### WHAT YOU SHOULD DO
For this exercise, please reproduce the records below word for word, from the first line through the line with "Service à thé Minoyaki motif sakura rose".

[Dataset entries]
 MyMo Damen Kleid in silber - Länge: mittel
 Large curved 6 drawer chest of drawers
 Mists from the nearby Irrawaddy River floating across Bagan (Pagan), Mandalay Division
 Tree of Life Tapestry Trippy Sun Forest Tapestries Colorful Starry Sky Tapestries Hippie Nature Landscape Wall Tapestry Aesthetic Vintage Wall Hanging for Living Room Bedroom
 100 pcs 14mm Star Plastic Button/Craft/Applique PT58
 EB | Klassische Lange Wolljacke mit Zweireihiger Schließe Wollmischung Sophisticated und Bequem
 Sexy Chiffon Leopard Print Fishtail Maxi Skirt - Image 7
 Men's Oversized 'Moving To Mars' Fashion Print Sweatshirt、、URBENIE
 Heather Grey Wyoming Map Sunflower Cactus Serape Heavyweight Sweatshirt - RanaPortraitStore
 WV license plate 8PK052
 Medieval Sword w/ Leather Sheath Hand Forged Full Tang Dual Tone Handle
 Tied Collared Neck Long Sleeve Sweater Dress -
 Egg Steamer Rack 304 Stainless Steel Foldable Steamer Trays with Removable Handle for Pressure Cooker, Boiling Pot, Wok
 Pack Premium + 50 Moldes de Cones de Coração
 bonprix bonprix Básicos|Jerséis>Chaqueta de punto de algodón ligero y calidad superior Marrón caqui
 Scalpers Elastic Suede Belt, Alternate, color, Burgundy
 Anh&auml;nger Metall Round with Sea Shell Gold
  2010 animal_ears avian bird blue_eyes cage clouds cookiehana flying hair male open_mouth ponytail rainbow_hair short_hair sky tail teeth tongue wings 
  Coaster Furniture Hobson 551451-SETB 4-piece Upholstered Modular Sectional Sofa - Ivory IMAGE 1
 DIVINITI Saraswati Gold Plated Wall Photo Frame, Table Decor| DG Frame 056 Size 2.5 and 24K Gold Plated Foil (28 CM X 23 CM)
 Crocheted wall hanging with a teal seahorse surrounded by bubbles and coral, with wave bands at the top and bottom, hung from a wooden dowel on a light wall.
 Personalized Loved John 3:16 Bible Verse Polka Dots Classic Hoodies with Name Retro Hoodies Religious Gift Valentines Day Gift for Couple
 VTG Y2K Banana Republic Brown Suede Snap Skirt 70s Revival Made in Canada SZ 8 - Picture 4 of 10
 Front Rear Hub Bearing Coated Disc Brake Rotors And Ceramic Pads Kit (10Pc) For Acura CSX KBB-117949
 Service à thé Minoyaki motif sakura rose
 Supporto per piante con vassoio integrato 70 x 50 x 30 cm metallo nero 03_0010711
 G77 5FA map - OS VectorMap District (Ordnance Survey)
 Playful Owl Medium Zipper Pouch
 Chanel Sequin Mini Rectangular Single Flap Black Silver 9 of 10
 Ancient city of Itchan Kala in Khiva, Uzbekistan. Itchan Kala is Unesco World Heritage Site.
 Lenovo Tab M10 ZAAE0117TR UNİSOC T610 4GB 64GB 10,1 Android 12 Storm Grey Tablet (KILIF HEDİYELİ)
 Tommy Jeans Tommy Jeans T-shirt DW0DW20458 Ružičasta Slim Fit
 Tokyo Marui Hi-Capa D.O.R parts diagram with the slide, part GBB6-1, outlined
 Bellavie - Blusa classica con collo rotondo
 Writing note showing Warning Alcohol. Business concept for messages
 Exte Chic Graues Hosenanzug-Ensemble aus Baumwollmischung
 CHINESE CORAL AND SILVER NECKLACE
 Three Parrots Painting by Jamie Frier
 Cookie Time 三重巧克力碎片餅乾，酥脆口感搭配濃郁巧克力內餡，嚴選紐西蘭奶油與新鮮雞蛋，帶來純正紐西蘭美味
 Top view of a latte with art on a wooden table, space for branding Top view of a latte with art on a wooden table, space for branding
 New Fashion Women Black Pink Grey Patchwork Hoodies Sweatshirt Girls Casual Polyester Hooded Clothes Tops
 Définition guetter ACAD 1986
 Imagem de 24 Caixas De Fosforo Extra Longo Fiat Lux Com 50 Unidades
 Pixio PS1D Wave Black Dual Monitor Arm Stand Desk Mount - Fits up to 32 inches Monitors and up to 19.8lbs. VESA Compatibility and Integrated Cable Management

### REPLY
 MyMo Damen Kleid in silber - Länge: mittel
 Large curved 6 drawer chest of drawers
 Mists from the nearby Irrawaddy River floating across Bagan (Pagan), Mandalay Division
 Tree of Life Tapestry Trippy Sun Forest Tapestries Colorful Starry Sky Tapestries Hippie Nature Landscape Wall Tapestry Aesthetic Vintage Wall Hanging for Living Room Bedroom
 100 pcs 14mm Star Plastic Button/Craft/Applique PT58
 EB | Klassische Lange Wolljacke mit Zweireihiger Schließe Wollmischung Sophisticated und Bequem
 Sexy Chiffon Leopard Print Fishtail Maxi Skirt - Image 7
 Men's Oversized 'Moving To Mars' Fashion Print Sweatshirt、、URBENIE
 Heather Grey Wyoming Map Sunflower Cactus Serape Heavyweight Sweatshirt - RanaPortraitStore
 WV license plate 8PK052
 Medieval Sword w/ Leather Sheath Hand Forged Full Tang Dual Tone Handle
 Tied Collared Neck Long Sleeve Sweater Dress -
 Egg Steamer Rack 304 Stainless Steel Foldable Steamer Trays with Removable Handle for Pressure Cooker, Boiling Pot, Wok
 Pack Premium + 50 Moldes de Cones de Coração
 bonprix bonprix Básicos|Jerséis>Chaqueta de punto de algodón ligero y calidad superior Marrón caqui
 Scalpers Elastic Suede Belt, Alternate, color, Burgundy
 Anh&auml;nger Metall Round with Sea Shell Gold
  2010 animal_ears avian bird blue_eyes cage clouds cookiehana flying hair male open_mouth ponytail rainbow_hair short_hair sky tail teeth tongue wings 
  Coaster Furniture Hobson 551451-SETB 4-piece Upholstered Modular Sectional Sofa - Ivory IMAGE 1
 DIVINITI Saraswati Gold Plated Wall Photo Frame, Table Decor| DG Frame 056 Size 2.5 and 24K Gold Plated Foil (28 CM X 23 CM)
 Crocheted wall hanging with a teal seahorse surrounded by bubbles and coral, with wave bands at the top and bottom, hung from a wooden dowel on a light wall.
 Personalized Loved John 3:16 Bible Verse Polka Dots Classic Hoodies with Name Retro Hoodies Religious Gift Valentines Day Gift for Couple
 VTG Y2K Banana Republic Brown Suede Snap Skirt 70s Revival Made in Canada SZ 8 - Picture 4 of 10
 Front Rear Hub Bearing Coated Disc Brake Rotors And Ceramic Pads Kit (10Pc) For Acura CSX KBB-117949
 Service à thé Minoyaki motif sakura rose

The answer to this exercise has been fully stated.